Spinks began to use the mannequins to display family heirlooms. Two dressed as her parents, Gatewood and Eunice Brown, are in the living room. The man is holding her father’s World War II jacket and flight book while the woman is wearing the outfit worn by Spinks’ mother on her wedding day. Her in-laws are also represented in the room with her mother-in-law wearing her wedding dress, too.
“At first, my husband and kids thought I was nuts,” Spinks admitted, but now they have come to accept it.
“It’s different,” said her daughter, Amelia. “But it’s something she loves.”
An admitted packrat, Spinks has various collections throughout her home. Her kitchen is done in Coca-Cola memorabilia, a bathroom is filled with pictures and items from classic television shows such as “I Love Lucy,” and there are dolls and figurines throughout.
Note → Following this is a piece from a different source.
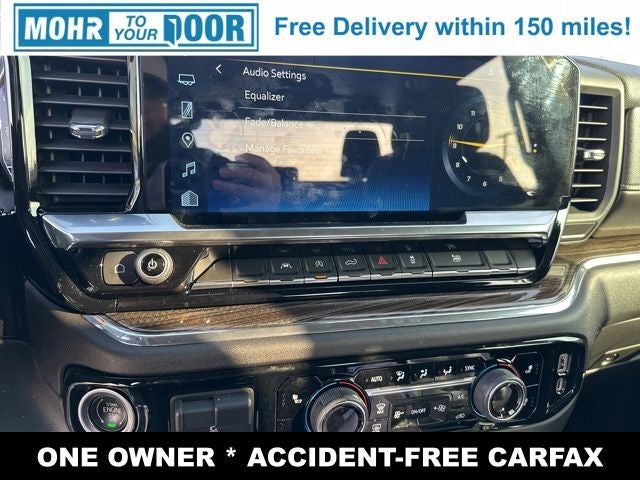 2023 Chevrolet Silverado 1500 LT LT1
She has many family items she’s kept over the years and she uses the mannequins to display them.
In the den are two child-size mannequins, one dressed in a cheerleading outfit and the other in a gymnastics outfit.
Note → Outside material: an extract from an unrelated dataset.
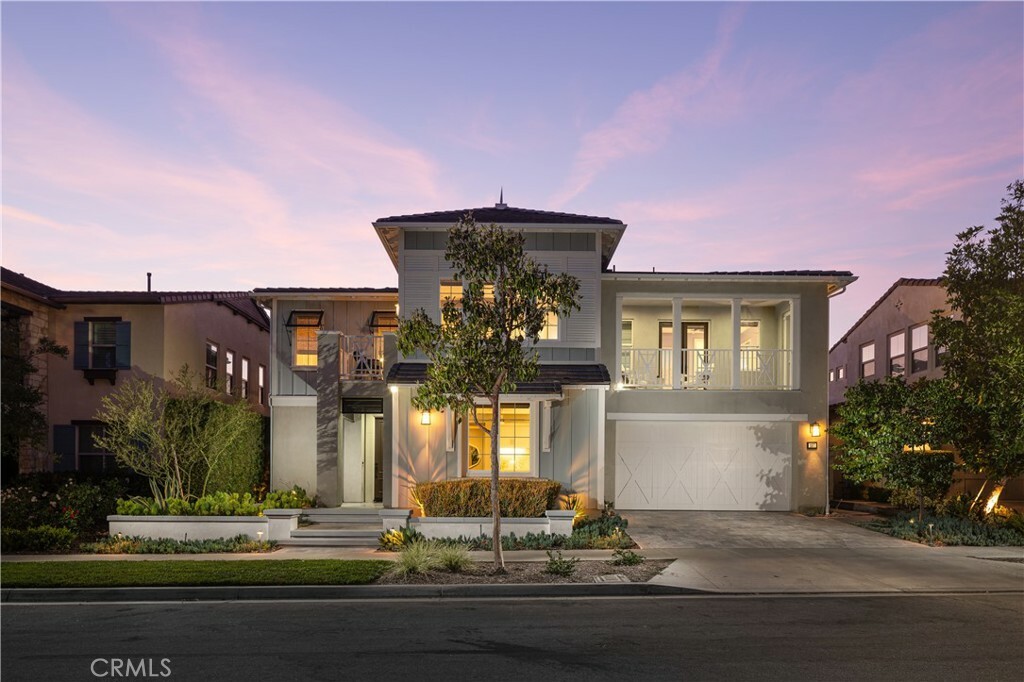 Property Photo: 107 Grassblade CA 92618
“I had two girls who cheered and one who did gymnastics,” Spinks explained.
Another child-size mannequin is wearing her brother’s Boy Scout uniform and one is wearing her husband’s sports jacket from he was a student.
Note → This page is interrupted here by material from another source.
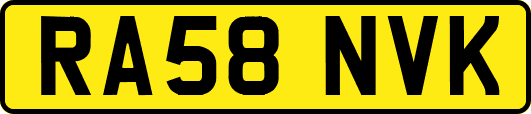 RA58NVK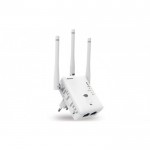 Strong Dual Band WiFi Repeater 750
“I’ve always collected dolls,” Spinks said. “Someone once said that now I just have bigger dolls.”
Those bigger dolls were about to take over some rooms on the first floor of the two-story home, so when her oldest daughter got married, Spinks decided to turn her room into a slumber party frozen in time. The pajama-clad mannequins seem to be having a blast. One has Spinks’ huge old curlers in her hair, while another lounges on a bed amid old Beatles albums. Underneath an old-fashioned hair dryer, one girl is flipping through a scrapbook from the 1930s. On the floor, one party-goer seems to be searching for something under the bed, as all you can see are her legs. But, Spinks explained, she placed the girl like that because she has no upper body.
“Sometimes I’ll just buy body parts,” she confessed.
When she and her husband, Steve, are out browsing flea markets, she keeps her eyes open for anything to add to her collection and has a hard time saying no.
“I can’t pass it up, but I need to because I’m running out of room,” Spinks said.
A used mannequin can cost around $70, while a new one can run anywhere from $150 to $400. Spinks’ latest addition to her collection was a Christmas gift.
While the mannequins throughout the Spinks home usually stay in their designated locations, Amelia confessed that she and her sisters have been known to move them around as a prank and to shock their parents and each other.
While some may think her collection a bit bizarre, for Spinks the mannequins are a great way to enjoy the items she has kept and collected over the years.
“It’s the remembering I enjoy,” she said.
As for being creeped out by these realistic statues throughout her home, Spinks says they don’t bother her at all.
“I don’t pay attention to them anymore,” Spinks said. “And they’re actually great to talk to because they don’t talk back.”